7.3  We note that in the case of Chirakkal Service Co-Operative Bank Ltd. Kannur v. CIT [2016] 68 taxmann.com 298 (Kerala), the Kerala High Court held that a return filed by assessee beyond period stipulated under section 139(1) or 139(4) or under section 142(1) or section 148 can also be accepted and acted upon for entertaining claim raised under section 80P provided further proceedings in relation to such assessments are pending in statutory hierarchy of adjudication in terms of provisions of Act. In the case of ASR Engg. & Projects Ltd. [2019] 111 taxmann.com 49 (Hyderabad – Trib.), the ITAT held that to be eligible to make claim under section 80-IA or any other section of Chapter VI A, assessee should have filed return of income under section 139(1) and even if it did not make claim for deduction in original return and subsequently file revised return making such claim, its claim for deduction under section 80-IA is maintainable. Therefore, where assessee had filed return under section 139(1), it was entitled to claim deduction under section 80-IA even if such claim was not made in original return but subsequently in revised return filed in response to notice issued under section 153A.

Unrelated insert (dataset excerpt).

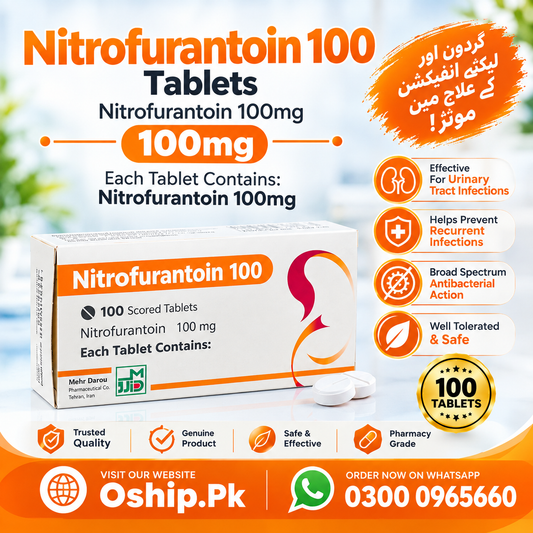 Mehr Darou Nitrofurantoin 100mg Tablets in Pakistan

7.4 We note that the instant case, there was a few-month delay in filing the return of income by the assessee for the assessment year 2019-20 and return of income was filed within due date permissible u/s 139(4) of the Act, in which the claim for deduction u/s 80P of the Act was made. Therefore, looking into the totality of facts, we are of the view that claim of deduction u/s 80P of the Act cannot be denied to the assessee only on the basis that the assessee did not file return of income its return of income within due date u/s 139(1) of the Act , in light of the discussion and judicial precedents highlighted above. Therefore, in the interests of justice, we are restoring the case to the file of the Ld. CIT(Appeals) for fresh adjudication on merits of the case after giving due opportunity of hearing to the assessee.

8. In the result, appeal of the assessee is allowed.